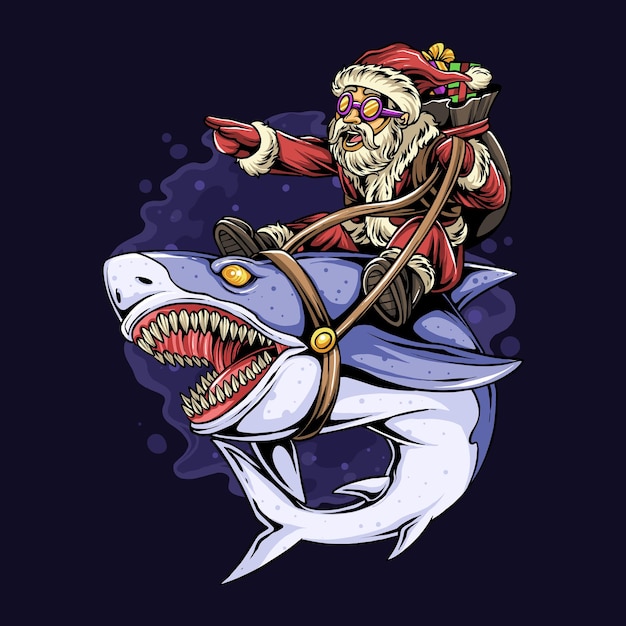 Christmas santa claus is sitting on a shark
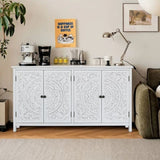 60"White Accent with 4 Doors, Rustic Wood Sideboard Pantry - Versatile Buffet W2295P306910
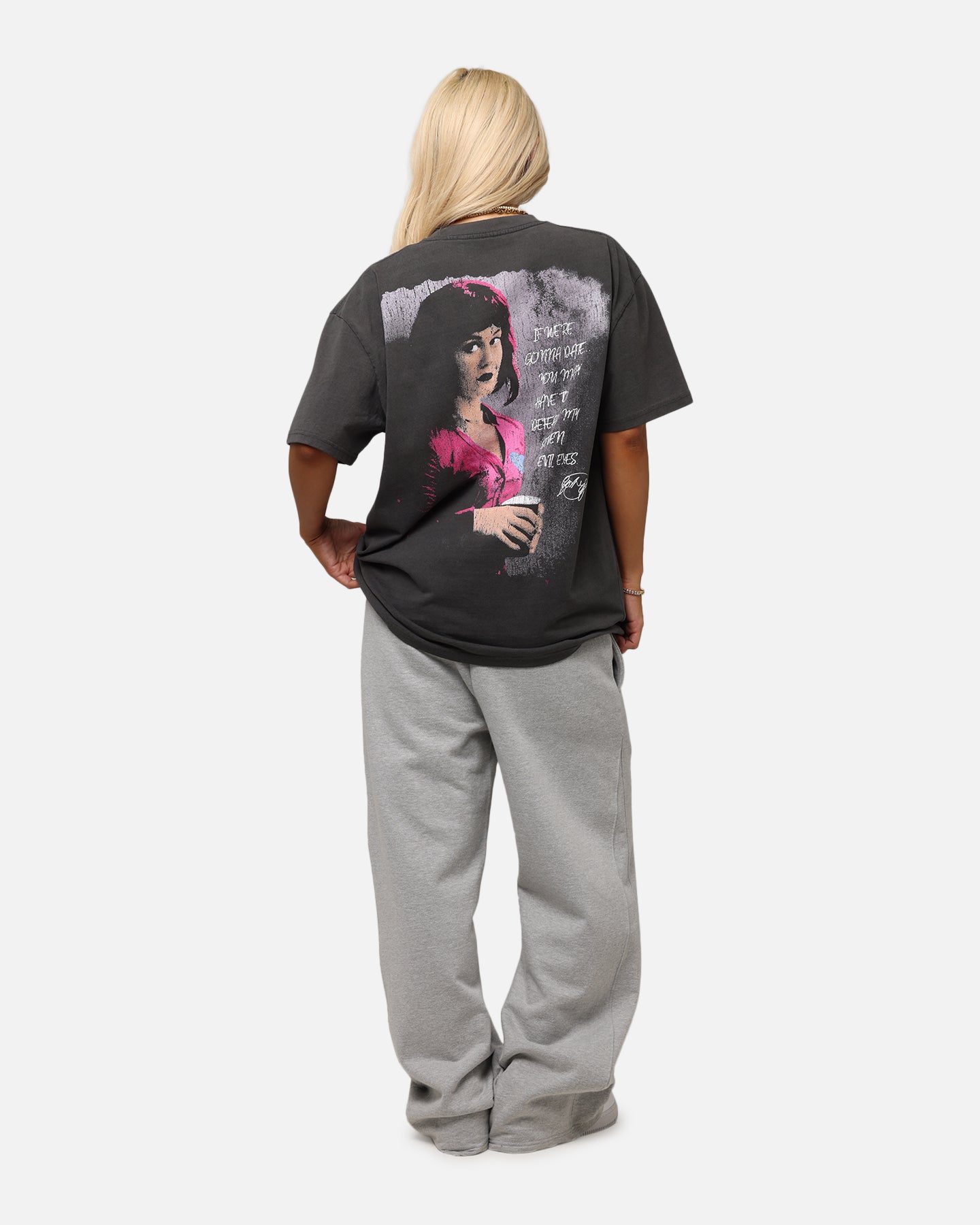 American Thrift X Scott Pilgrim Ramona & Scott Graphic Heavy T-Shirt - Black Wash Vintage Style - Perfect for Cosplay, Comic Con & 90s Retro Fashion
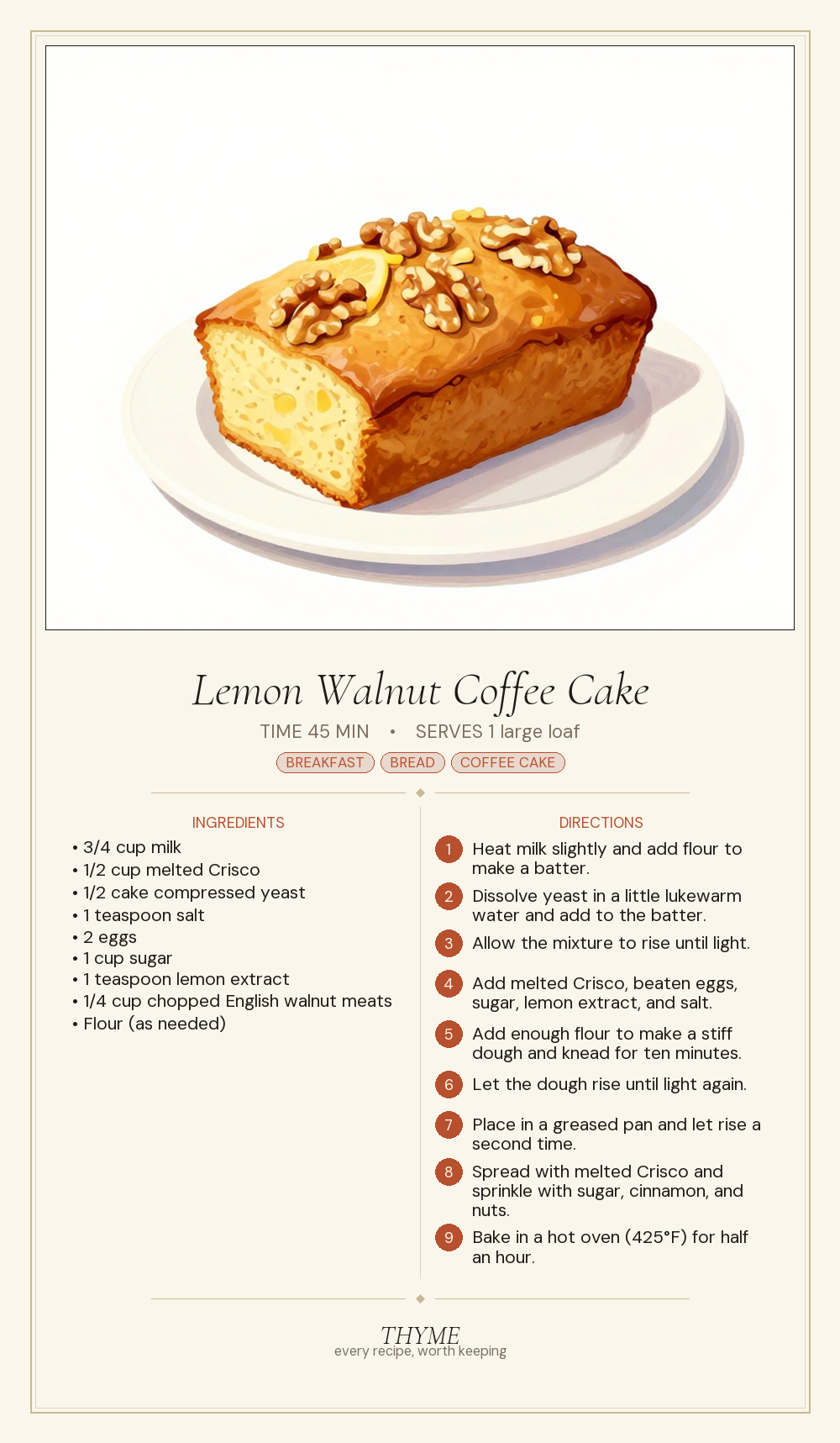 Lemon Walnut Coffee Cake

● **Instructions to follow**
Return the full material word for word. Do not include the pictures.

● **Task result**
 Christmas santa claus is sitting on a shark
 60"White Accent with 4 Doors, Rustic Wood Sideboard Pantry - Versatile Buffet W2295P306910
 American Thrift X Scott Pilgrim Ramona & Scott Graphic Heavy T-Shirt - Black Wash Vintage Style - Perfect for Cosplay, Comic Con & 90s Retro Fashion
 Lemon Walnut Coffee Cake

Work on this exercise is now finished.